#### [Directions]
From the first line to the last, copy the material word for word; pictures stay out.

#### [Data shown]
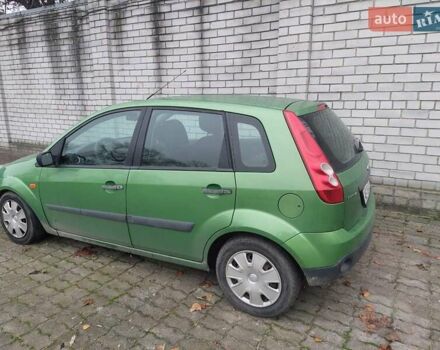 Зелений Форд Фієста, об'ємом двигуна 1.24 л та пробігом 197 тис. км за 3050 $, фото 1 на Automoto.ua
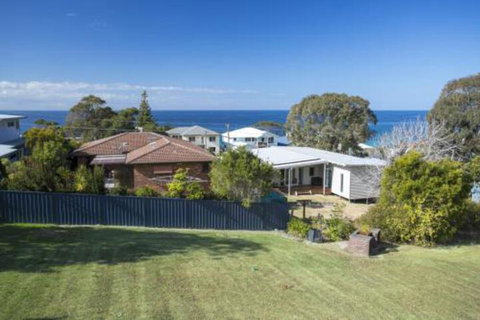 58 Lockhart Ave Unlock Mollymooks Heart - Accommodation Burleigh 4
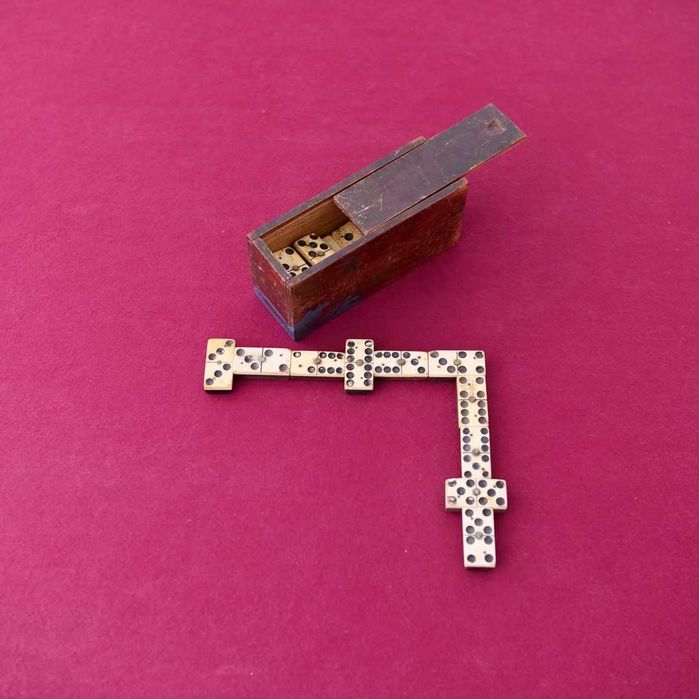 Mesa de jogo vintage em madeira maciça com gaveta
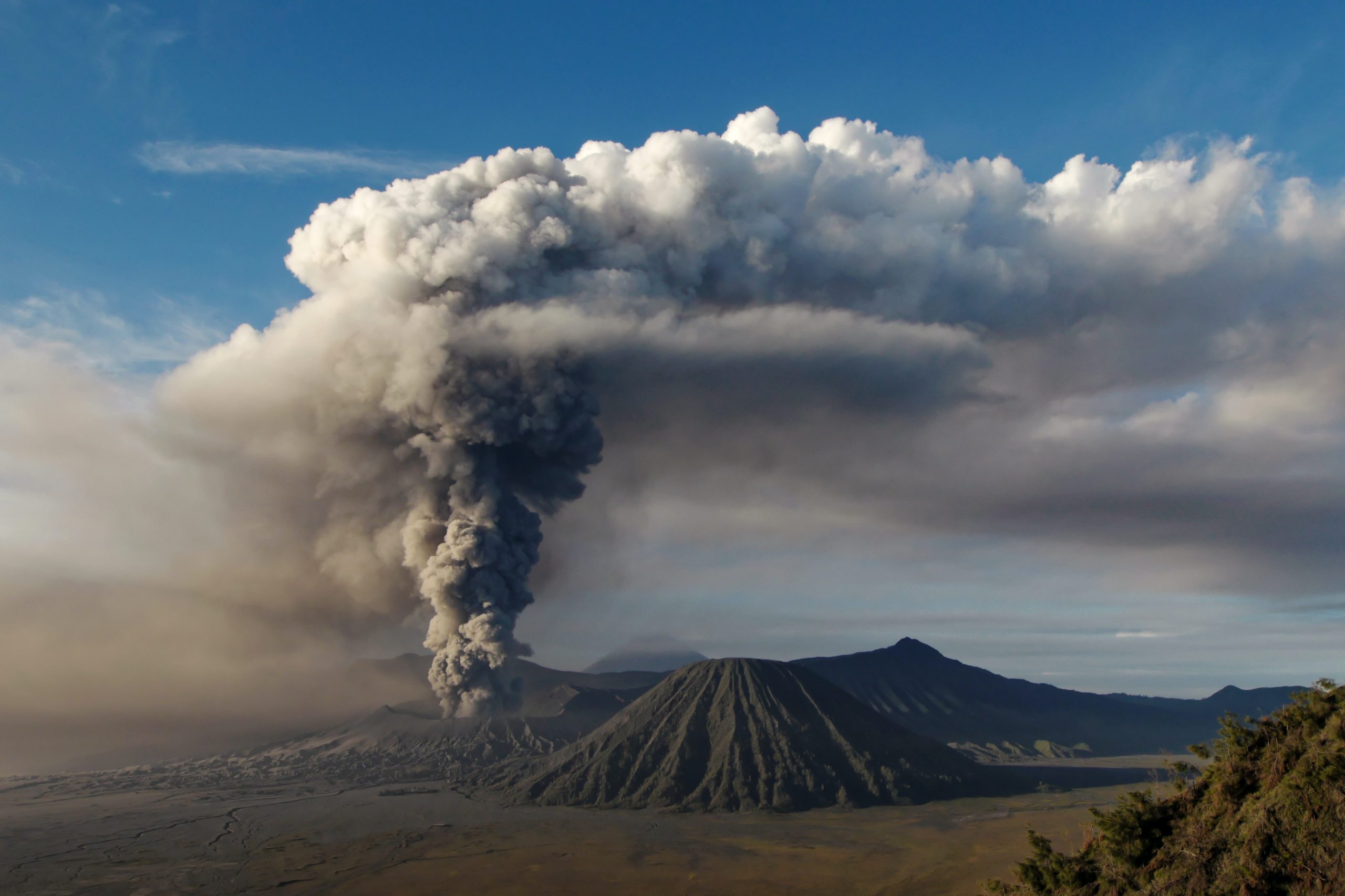 simultaneous-eruption-nineteen-volcanoes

#### [Reply]
 Зелений Форд Фієста, об'ємом двигуна 1.24 л та пробігом 197 тис. км за 3050 $, фото 1 на Automoto.ua
 58 Lockhart Ave Unlock Mollymooks Heart - Accommodation Burleigh 4
 Mesa de jogo vintage em madeira maciça com gaveta
 simultaneous-eruption-nineteen-volcanoes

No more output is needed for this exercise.